Схватив двумя руками свою цепь, Ричард отбивался от убийц, а убийцы, рванув цепь, сбили короля с ног и, мотая по железному полу из стороны в сторону, прикончили его: не знаю, то ли цепью, то ли ножом. Среди грохота, брани и гневных проклятий за всем не уследишь.. .•
Известно, что Шекспир в первый период своего творчества, с 1590 по 1600 год, наряду с хрониками написал большинство своих комедий. Если взор поэта, обращенный в прошлое, видел только мрачные картины междоусобных войн, кровавых злодеяний и коварных интриг, то, глядя в свое время, драматург поначалу рисовал жизнь в светлых и радостных тонах.
Среди комедий Шекспира видное место занимает «Укрощение строптивой».
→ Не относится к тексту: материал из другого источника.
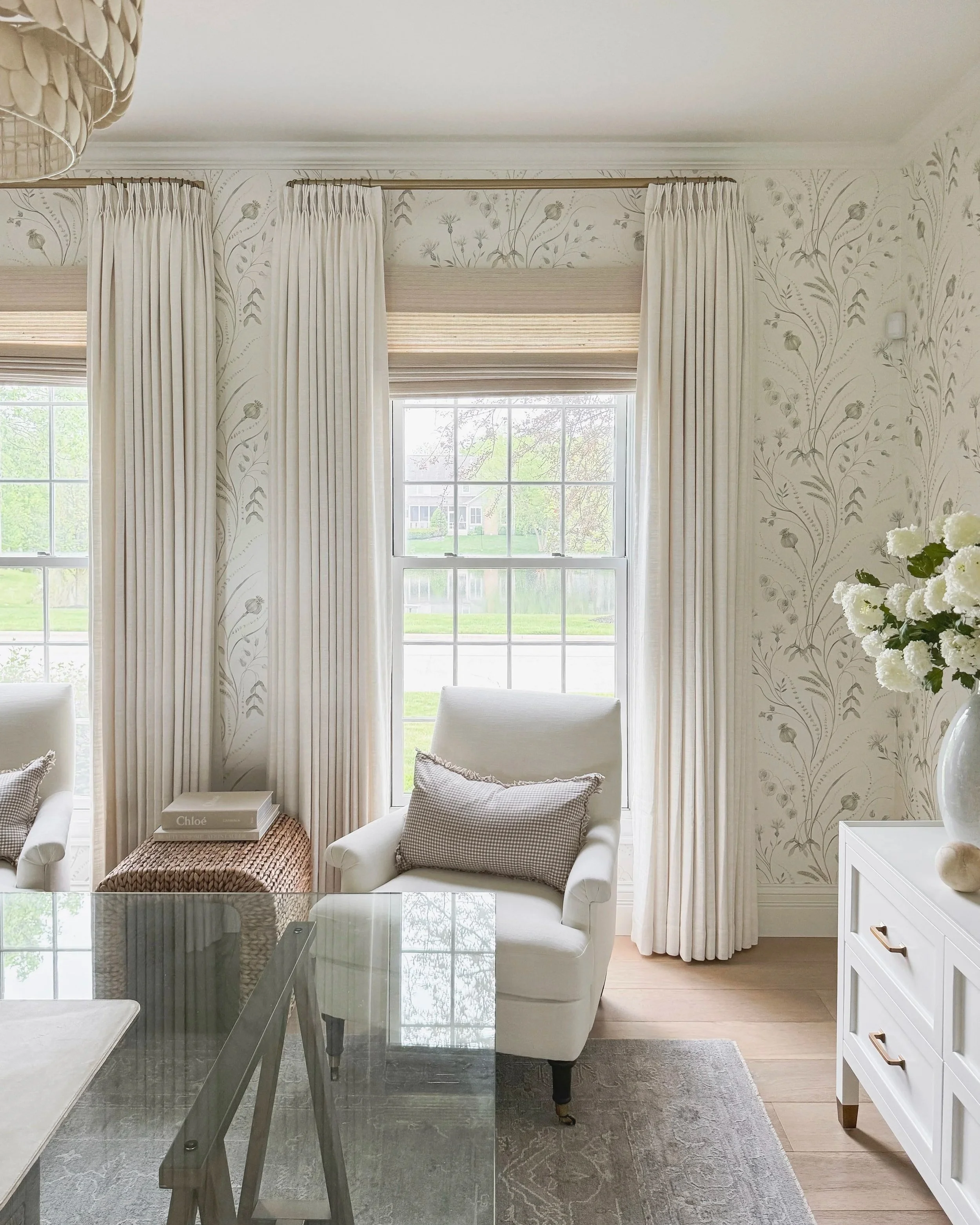 Curtain rod mounted close to ceiling with floor-length TwoPages panels in a neutral bedroom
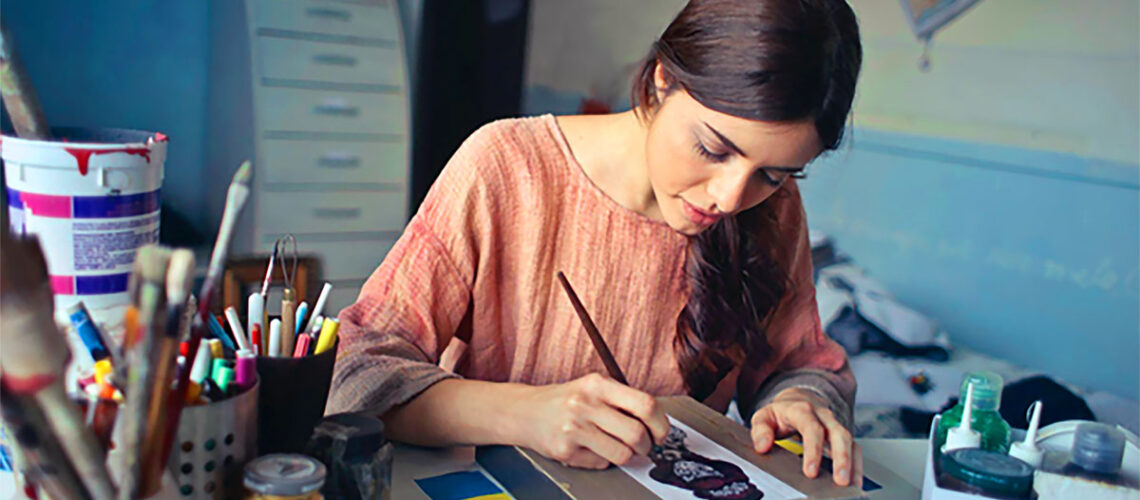 Artist at a table painting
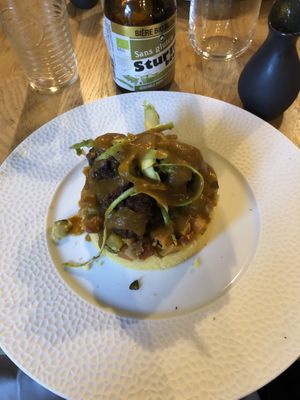 Couscous with delicious vegetables and a red sauce at Vegan Gorilla in Nice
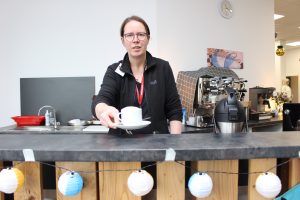 Eine Frau bietet einem über den Tresen hinweg eine Tasse Kaffee an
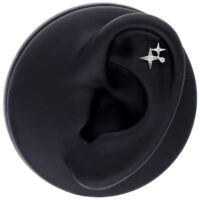 Aplique de piercing de estrella plateada en modelo de oreja negra sobre fondo blanco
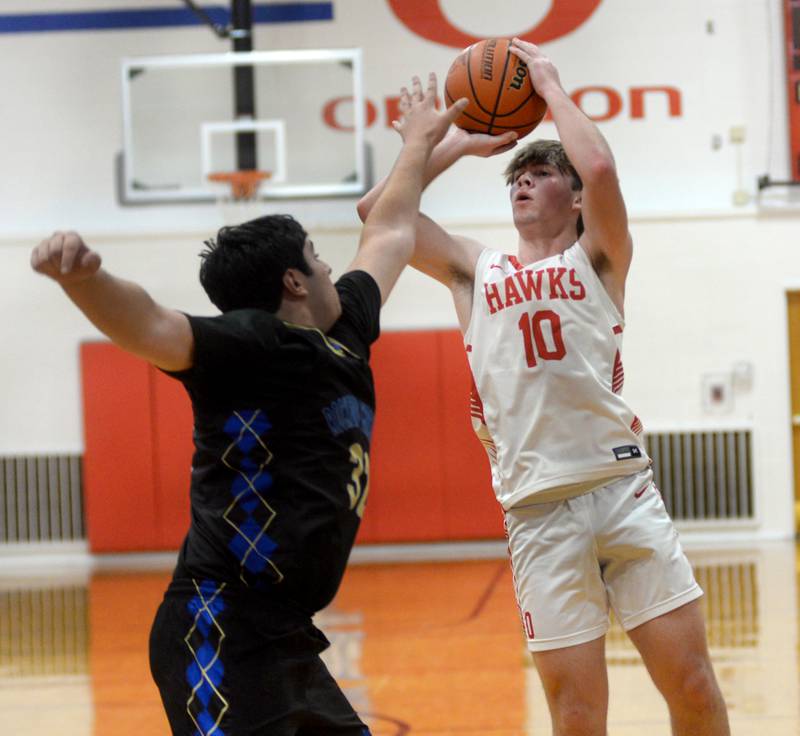 Oregon's Keaton Salsbury (10) shoots against Rockford Christian during the third place game at the Oregon Thanksgiving Tournament on Saturday, Nov. 25, 2023 in Oregon.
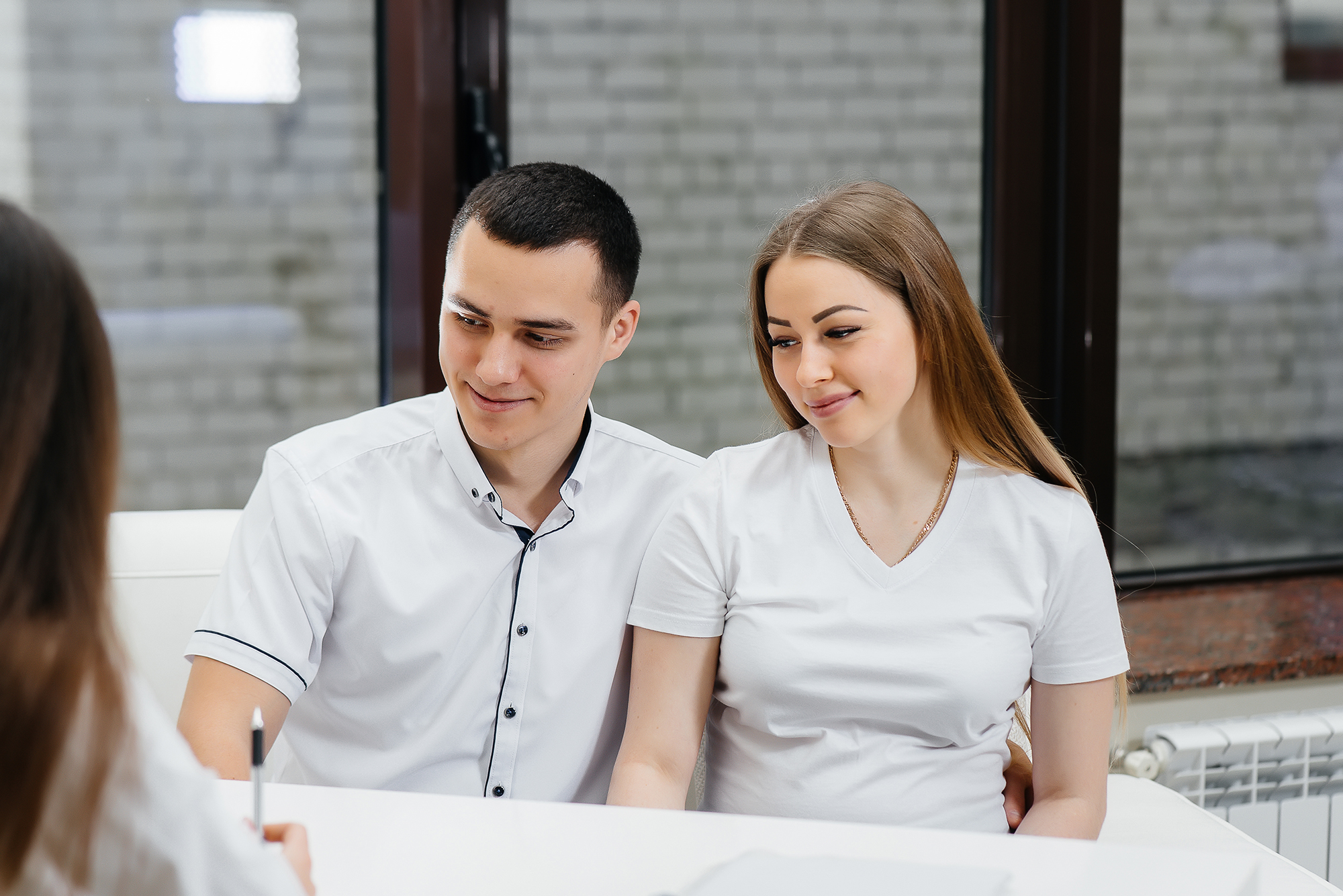 Young couple at doctors desk discussing family planning Complete Healthcare Primary Care and Gynecology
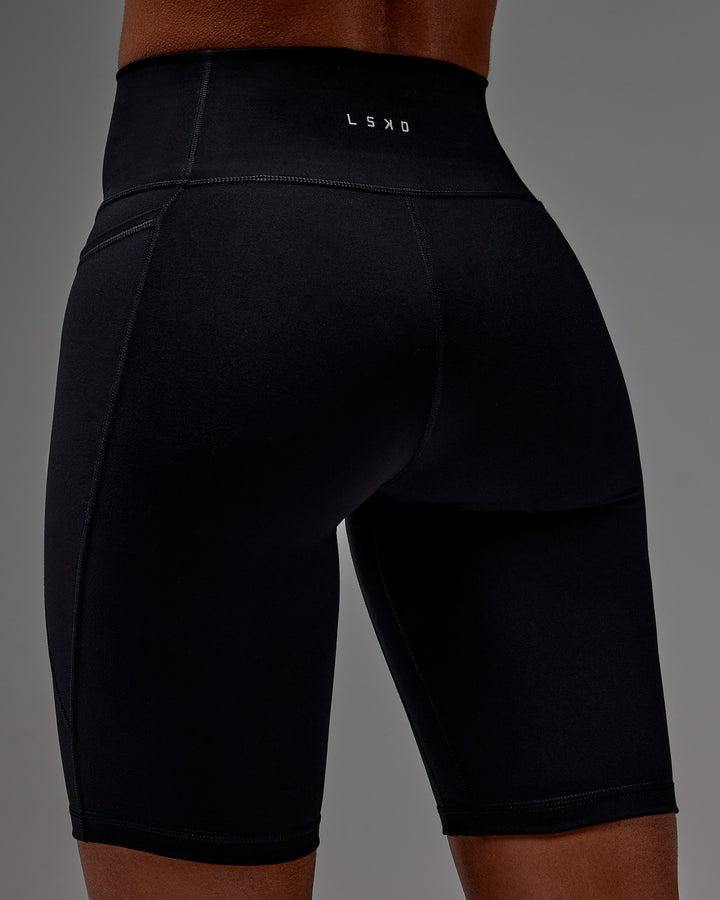 Woman wearing Fusion Bike Short With Pockets in Black | Model:Txai | Size:XS
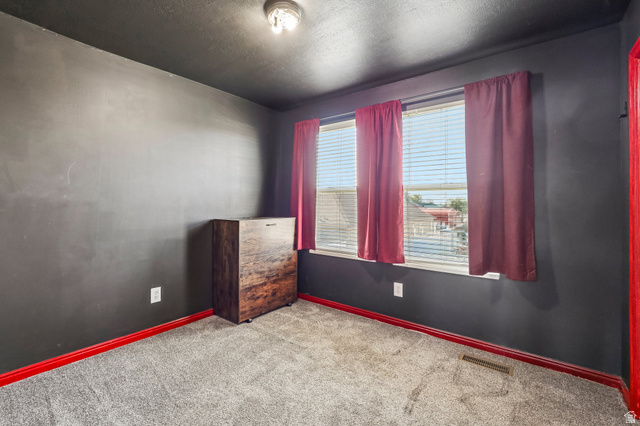 3215 West 450 North West Point, UT 84015 - Photo 19 of 40 Room featuring dark gray walls, a gray carpeted floor, and red trim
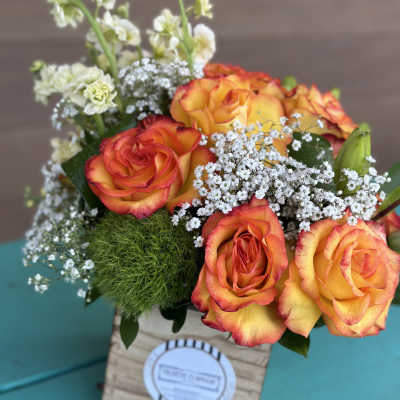 Orange roses in a wooden box with white filler flowers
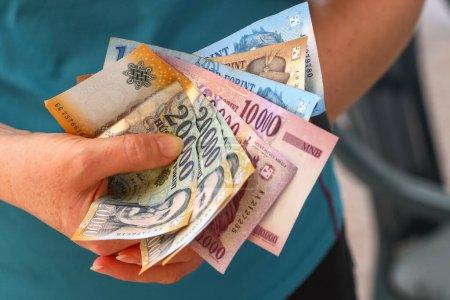 Hungría dinero, Mujer sostiene un puñado de florines húngaros en su mano, varios billetes, concepto financiero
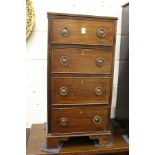 A mahogany small narrow four drawer chest.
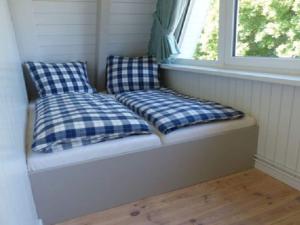Postel nebo postele na pokoji v ubytování Holiday home Sehnsucht Schlei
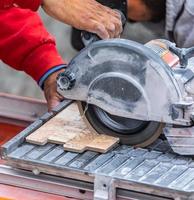 Travailleur utilisant une scie à carreaux humide pour couper des carreaux muraux sur un chantier de construction photo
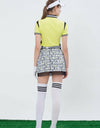 Women's short sleeve polo, in yellow, with black color blocking on both sides.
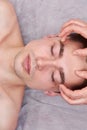 Face of young man, massage. Royalty Free Stock Photo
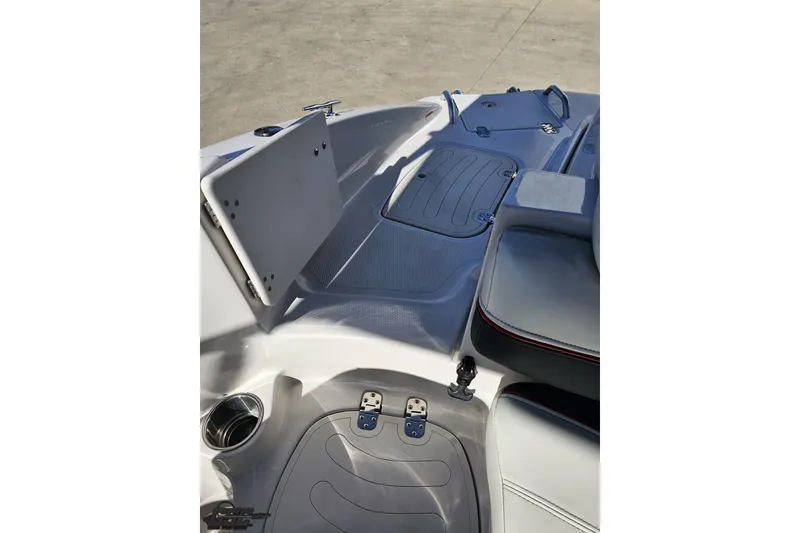 Slide: The Image of 2015 Tahoe 215 Xi boat interior with seating and storage compartments. - 109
Правда, гуманистический смысл ранней комедии Шекспира был заключен в озорную фарсовую игру и отгадать его через целую серию комических розыгрышей было не так-то легко. Ведь многие поколения режиссеров видели в «Укрощении строптивой» или грубоватый фарс с дедовской моралью, или прихотливое театральное представление, далекое от всякой морали. Среди последних был и такой тонкий, проницательный художник, как Макс Рейнгардт.
Но вот «Укрощение строптивой» поставил режиссер Алексей Дмитриевич Попов на сцене Центрального театра Советской Армии, и с этой поры комедия начала свою новую историю, обрела истинно шекспировскую мудрость и поэтическую силу.
89
ВЕЧЕР ВОСЬМОЙ
ВИЛЬЯМ ШЕКСПИР «УКРОЩЕНИЕ СТРОПТИВОЙ» — 1593
СВЕЖИЙ ВЕТЕР В ПАРУСА ШЕКСПИРА
ЦЕНТРАЛЬНЫЙ ТЕАТР СОВЕТСКОЙ
АРМИИ
МОСКВА—1938
Но пока занавес не поднялся, предупредим читателя, что А. Д. Попов исключил из пьесы Шекспира ее пролог. И вот по какой причине. В прологе, позаимствованном драматургом из старинного фарса об укрощении строптивой жены, присутствовал пьянчужка Сляй, которого в подвыпитьи переносили в замок к герцогу; а после пробуждения показывали перед ним комедию об укрощении строптивицы.